How To Assess The Risk Factors For Colorectal Cancer
What are the risk factors for colorectal cancer?
There are many different risk factors for colorectal cancer. Advancing age is probably the largest. Greater than ninety percent of all colorectal cancers happen in people over the age of fifty. Having a family history of colorectal cancer also will increase your risk. If you've ever developed a polyp, that can increase your risk for colorecal cancer because colorectal cancer usually starts as polyps then they advance into cancer. Having a genetic predisposition, for instance FAP or another inherited cancer syndrome can increase your risk of developing colorectal cancer as well. Any kind of chronic inflammation in the bowel can increase your risk as well. So if you have inflammatory bowel disease, ulcerative colitis, or Crohns disease that can increase your risk of colorectal cancer too. Some other risk factors for colorectal cancer include toxins that we take in. People who smoke can increase the risk of colorectal cancer by about thirty to forty percent compared to those who do not smoke.
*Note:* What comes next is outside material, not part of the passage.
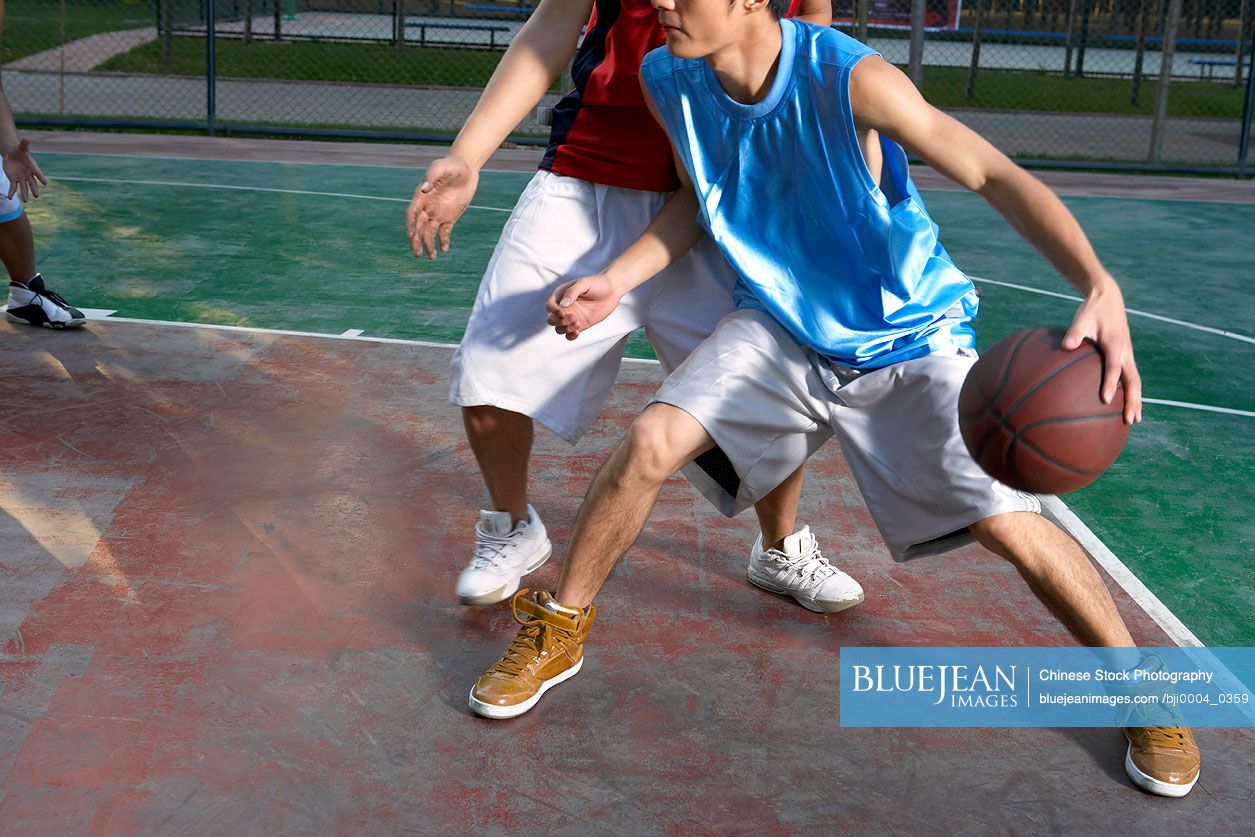 Young Chinese men playing basketball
Alcohol, especially heavy alcohol consumption can increase one's risk too. Other factors which can increase one's risk for colorectal cancer include being overweight, not exercising. Those have been associated in epidemiologic studies with increases in colorectal cancer. And then also extra exposures, for instance if somebody's gets radiation for prostate cancer there has been a slight increase risk of developing colorectal cancer in those individuals. One's ethnic background can increase one's risk for developing colorectal cancer. For instance, Ashkenazi Jews carry a greater incidence of genetic mutations which predispose them for developing colorectal cancer over their lifetime. In addition, African Americans have a greater risk of developing colorectal cancer. It's not clear if that's a genetic predisposition or if that's something that's environmental because diet also plays a role too. And diets that are higher in fats and lower in fiber and lower in certain vitamins have been associated with greater risks of colorectal cancer.